Items from a dataset:
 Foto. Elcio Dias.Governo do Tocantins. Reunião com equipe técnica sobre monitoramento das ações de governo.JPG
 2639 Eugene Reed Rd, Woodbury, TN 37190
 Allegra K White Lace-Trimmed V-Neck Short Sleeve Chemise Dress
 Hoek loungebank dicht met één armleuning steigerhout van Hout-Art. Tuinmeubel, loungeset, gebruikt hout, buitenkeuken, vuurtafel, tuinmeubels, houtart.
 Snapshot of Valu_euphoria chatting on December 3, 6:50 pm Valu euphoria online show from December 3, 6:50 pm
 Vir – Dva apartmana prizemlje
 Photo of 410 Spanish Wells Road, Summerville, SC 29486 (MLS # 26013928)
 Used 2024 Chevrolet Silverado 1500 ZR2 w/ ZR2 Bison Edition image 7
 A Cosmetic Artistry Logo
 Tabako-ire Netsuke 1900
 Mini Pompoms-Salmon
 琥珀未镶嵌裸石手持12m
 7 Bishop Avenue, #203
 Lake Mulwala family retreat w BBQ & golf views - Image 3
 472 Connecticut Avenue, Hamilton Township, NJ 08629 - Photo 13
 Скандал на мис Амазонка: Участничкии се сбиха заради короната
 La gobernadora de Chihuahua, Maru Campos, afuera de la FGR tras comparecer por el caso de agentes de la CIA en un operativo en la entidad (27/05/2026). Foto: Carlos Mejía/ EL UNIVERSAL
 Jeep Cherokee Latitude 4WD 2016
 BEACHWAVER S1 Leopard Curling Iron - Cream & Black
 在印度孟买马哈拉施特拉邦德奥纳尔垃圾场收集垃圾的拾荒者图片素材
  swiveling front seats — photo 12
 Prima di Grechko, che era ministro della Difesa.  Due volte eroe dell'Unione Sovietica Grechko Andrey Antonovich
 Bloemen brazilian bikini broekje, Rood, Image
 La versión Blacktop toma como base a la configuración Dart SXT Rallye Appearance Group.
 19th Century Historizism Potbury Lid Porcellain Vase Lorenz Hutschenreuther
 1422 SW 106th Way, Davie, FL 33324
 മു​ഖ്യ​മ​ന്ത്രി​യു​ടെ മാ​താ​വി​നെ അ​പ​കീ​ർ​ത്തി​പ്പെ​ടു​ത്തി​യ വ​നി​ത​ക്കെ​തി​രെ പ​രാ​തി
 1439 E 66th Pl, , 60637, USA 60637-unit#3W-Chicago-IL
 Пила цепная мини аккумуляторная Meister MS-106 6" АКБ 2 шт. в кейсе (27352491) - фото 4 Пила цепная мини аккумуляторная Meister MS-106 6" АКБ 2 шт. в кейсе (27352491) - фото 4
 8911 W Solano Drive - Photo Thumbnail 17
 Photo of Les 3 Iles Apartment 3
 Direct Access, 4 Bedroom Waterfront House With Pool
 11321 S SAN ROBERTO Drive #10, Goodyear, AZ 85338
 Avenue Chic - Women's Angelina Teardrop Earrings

ACTIVITY: If a line in the entries contains "Foto", copy it.

RESULT FOR THIS EXERCISE:
 Foto. Elcio Dias.Governo do Tocantins. Reunião com equipe técnica sobre monitoramento das ações de governo.JPG
 La gobernadora de Chihuahua, Maru Campos, afuera de la FGR tras comparecer por el caso de agentes de la CIA en un operativo en la entidad (27/05/2026). Foto: Carlos Mejía/ EL UNIVERSAL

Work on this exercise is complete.